UPCOMING: Fight Like A Girl, Mountview Academy Of Theatre Arts

Julian Eaves looks at Fight Like A Girl a new musical by Nick Stimson and James Atherton presented by British Youth Music Theatre at Mountview Academy Of Theatre Arts.

Fight Like A Girl Mountview
Fight Like A Girl
Cameron Mackintosh Theatre, Mountview Academy of Theatre Arts,
31st August 2019

As part of this year’s programme from British Youth Music Theatre (formerly YMT), a new work was presented as the very first production in the brand new auditorium at the brand new campus of this long-established dramatic and theatre arts and sciences school.  It was a good choice.  The work launched three years ago, and its theme, the trials and tribulations of teenage life placed in the context of tough, inner-city life and with a focus on boxing, fitted well into the surrounding milieu of Peckham, an area a few years behind Brixton in terms of renewal and gentrification, but one apparently headed the same way.

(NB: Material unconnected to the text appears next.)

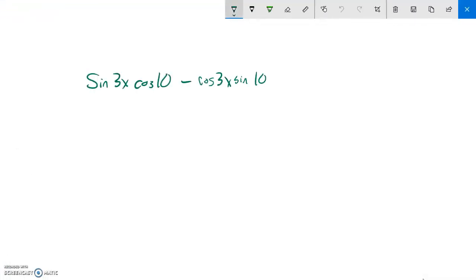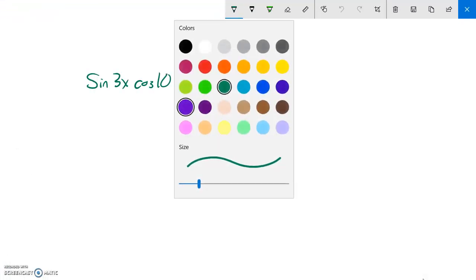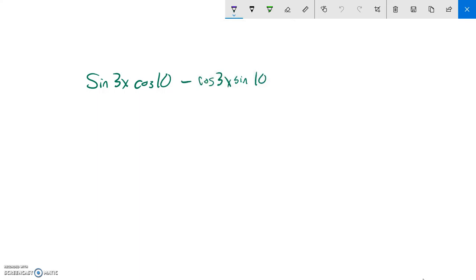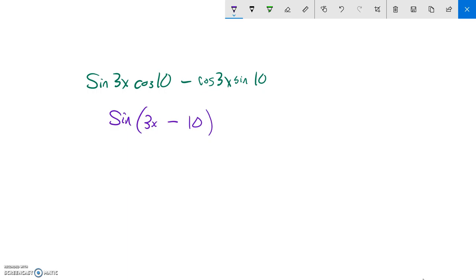So that means this should become just sine, and then 3x and 10, and it is the same operator, so since this is minus, that will be subtraction. And there it is.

BMYT has a very long track record of encouraging new writing for the musical theatre stage.  In fact, along with its friends at the National Youth Music Theatre, nobody can really claim to have a better.  For this premiere, executive producer Jon Bromwich turned to tried and trusted collaborators Nick Stimson (book and lyrics and director) and James Atherton (composer and musical direction) to revive and essentially completely re-write this story of young people with (as former German Chancellor once described the Baader-Meinhoff gang), ‘too much hyper-activity and too little understanding’.  They now have a tale of twins separated at birth, both outsiders in conflict with their peers and at odds with the society around them, uncomprehending adults, and a world dominated by relentless peer-pressure, bullying and violence.  It is a grim tale indeed.  Light relief is in short supply.

Fight Like A Girl
The sombre note dominated here also in Talia Sanz’s simple, spare and deeply gloomy design (curiously apt in this new building, the entrance atrium of which really does resemble the interior of a prison cell block – designed by Carl Turner Architects; the flexible auditorium of the theatre itself was configured in a much more humane proscenium configuration, with two tiers of elevated seating on three sides of the raked stalls).  Joe Thomas managed the lighting well, creating some memorable and appropriately epic effects, as well as highlighting the small-scale, intimate story at the heart of the piece.  Aiden Connor’s sound design was extremely good, getting very high-quality amplification of what seemed to be a recorded electronic score, balancing it well with the young voices of the cast.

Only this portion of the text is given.